False claims perhaps needs a little more parsing. It was well established that Hussein had repeatedly tried to lay his hands on chemical, biological and nuclear weapons. It was thought pretty likely that he currently had the former two, and was making at least some efforts to get hold of the last. What was perhaps arguable is whether the WMD issue with Iraq had become measurably worse in 2003 than it had been in prior years. Arguably not. I think what changed (and what caused the run-up to war) was that the US's willingness to put up with letting Hussein fool around with possible WMDs reduced considerable because of 9-11.
What I think was a surprise to everyone was when things came up as empty as they did when the US invaded. Even a lot of Iraqi soldiers and generals apparently expected chemical weapons to be deployed by Hussein.

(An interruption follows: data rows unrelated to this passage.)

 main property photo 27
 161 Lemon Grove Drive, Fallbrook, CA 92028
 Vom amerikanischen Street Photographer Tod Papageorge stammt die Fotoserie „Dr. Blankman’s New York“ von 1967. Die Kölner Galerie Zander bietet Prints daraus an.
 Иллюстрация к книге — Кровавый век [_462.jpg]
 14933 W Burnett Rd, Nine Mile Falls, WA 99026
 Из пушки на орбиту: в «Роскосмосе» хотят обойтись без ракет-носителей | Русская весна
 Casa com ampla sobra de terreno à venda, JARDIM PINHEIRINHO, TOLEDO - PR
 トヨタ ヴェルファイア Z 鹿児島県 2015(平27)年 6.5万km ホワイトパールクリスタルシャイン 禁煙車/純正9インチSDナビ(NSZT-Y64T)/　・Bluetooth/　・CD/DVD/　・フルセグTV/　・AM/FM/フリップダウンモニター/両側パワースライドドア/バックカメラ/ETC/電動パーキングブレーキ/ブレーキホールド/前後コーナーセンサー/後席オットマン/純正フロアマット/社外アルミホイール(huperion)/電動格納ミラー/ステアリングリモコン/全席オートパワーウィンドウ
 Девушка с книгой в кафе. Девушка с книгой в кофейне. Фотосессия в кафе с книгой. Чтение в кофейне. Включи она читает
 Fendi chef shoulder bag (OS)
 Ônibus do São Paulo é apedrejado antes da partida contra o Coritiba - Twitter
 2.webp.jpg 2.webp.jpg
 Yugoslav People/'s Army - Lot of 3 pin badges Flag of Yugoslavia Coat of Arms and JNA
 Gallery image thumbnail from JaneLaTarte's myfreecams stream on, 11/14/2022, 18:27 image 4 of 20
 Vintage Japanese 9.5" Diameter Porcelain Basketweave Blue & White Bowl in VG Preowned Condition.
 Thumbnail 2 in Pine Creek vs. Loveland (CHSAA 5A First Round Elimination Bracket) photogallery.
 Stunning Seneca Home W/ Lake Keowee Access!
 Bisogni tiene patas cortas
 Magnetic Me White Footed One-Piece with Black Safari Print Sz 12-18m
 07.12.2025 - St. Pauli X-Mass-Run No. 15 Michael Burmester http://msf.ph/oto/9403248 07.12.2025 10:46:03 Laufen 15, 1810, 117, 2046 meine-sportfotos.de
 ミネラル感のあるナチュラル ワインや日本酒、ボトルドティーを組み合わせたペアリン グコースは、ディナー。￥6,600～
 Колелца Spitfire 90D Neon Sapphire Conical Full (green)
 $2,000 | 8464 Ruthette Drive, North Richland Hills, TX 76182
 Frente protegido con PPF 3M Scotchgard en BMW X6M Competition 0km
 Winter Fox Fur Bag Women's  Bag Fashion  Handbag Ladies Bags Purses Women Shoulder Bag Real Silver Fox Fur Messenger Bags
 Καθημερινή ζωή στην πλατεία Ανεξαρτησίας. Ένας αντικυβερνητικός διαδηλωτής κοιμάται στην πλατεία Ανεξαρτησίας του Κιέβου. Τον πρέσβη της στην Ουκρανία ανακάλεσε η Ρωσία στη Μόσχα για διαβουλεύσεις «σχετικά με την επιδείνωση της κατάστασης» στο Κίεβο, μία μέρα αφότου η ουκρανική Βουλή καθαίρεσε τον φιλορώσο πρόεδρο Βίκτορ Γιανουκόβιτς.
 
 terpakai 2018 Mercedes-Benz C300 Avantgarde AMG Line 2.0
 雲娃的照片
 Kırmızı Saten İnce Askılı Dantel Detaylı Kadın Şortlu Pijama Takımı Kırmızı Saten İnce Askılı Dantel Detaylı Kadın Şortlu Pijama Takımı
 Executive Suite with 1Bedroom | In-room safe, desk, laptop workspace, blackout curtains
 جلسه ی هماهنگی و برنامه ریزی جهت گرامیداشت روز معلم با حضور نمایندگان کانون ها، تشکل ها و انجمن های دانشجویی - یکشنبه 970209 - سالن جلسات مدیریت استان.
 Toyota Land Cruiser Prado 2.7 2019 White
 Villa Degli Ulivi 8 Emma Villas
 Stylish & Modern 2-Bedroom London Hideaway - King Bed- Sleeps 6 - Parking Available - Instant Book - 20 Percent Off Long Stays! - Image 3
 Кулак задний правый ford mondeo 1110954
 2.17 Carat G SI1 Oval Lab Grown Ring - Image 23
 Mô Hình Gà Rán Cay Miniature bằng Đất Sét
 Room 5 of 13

The key to understanding that we should be against the war is to understand we don't get what we supposedly went to war for in the first place. Saddam is gone, but the Iraqi people still suffer and are arguably in a worse position now. The ethnic fighting is likely to kill more people than the Baathist regime did,
The death toll from political violence is currently running at about 4,000 persons per year and is almost entirely confined to six provinces where live about 40% of the population. The reported death toll from political violence during the period running from 1958 to 2003 and from the Iran-Iraq War is likely very soft data, but conventional figures offered up are in the range of 1.3 million. Unless you are anticipating a ghastly eight years long war between Iraq and Syria, Iraq and Turkey, Iraq and Iran, or Iraq and Saudi Arabia conjoined to 50 years of car bombings, I think we have a ways to go. Keep in mind, the violence is largely the work of Sunni gangs who fancy they've a right to rule the other 82% of the population.